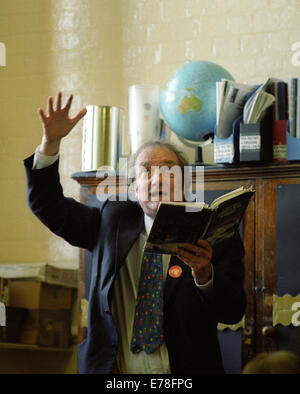 Tim Brighouse, éducateur, photographié dans une école primaire à Birmingham pour le Times Education Supplement - TES. 16 mai 2002. Banque D'Images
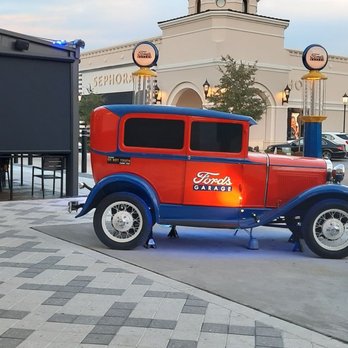Ford's Garage Gainesville - Burgers Near Me - Gainesville, Florida Ford's Garage Gainesville - Burgers Near Me - Gainesville, Florida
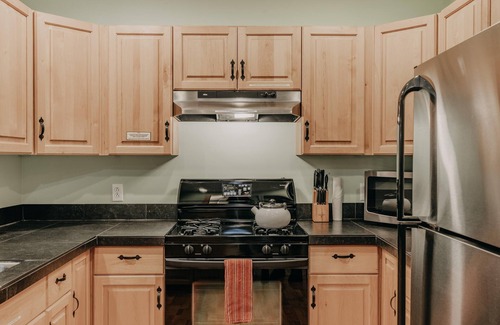 Glacier Cabin | Glacier Springs Cabin #12 - Wi-Fi - A/C - EVC
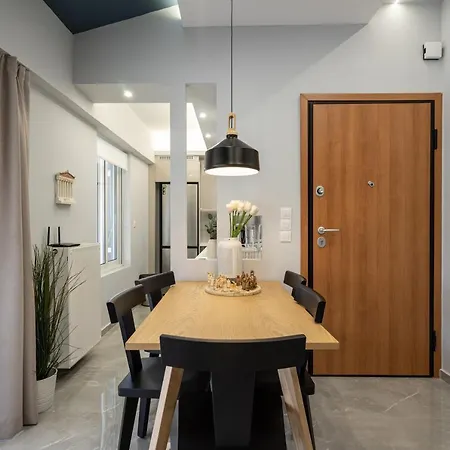 Trojan Affair Apartment *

+--

ASSIGNED TASK
Each line above is to be duplicated exactly, and the pictures are to be omitted.

EXERCISE RESULT
 Tim Brighouse, éducateur, photographié dans une école primaire à Birmingham pour le Times Education Supplement - TES. 16 mai 2002. Banque D'Images
Ford's Garage Gainesville - Burgers Near Me - Gainesville, Florida Ford's Garage Gainesville - Burgers Near Me - Gainesville, Florida
 Glacier Cabin | Glacier Springs Cabin #12 - Wi-Fi - A/C - EVC
 Trojan Affair Apartment *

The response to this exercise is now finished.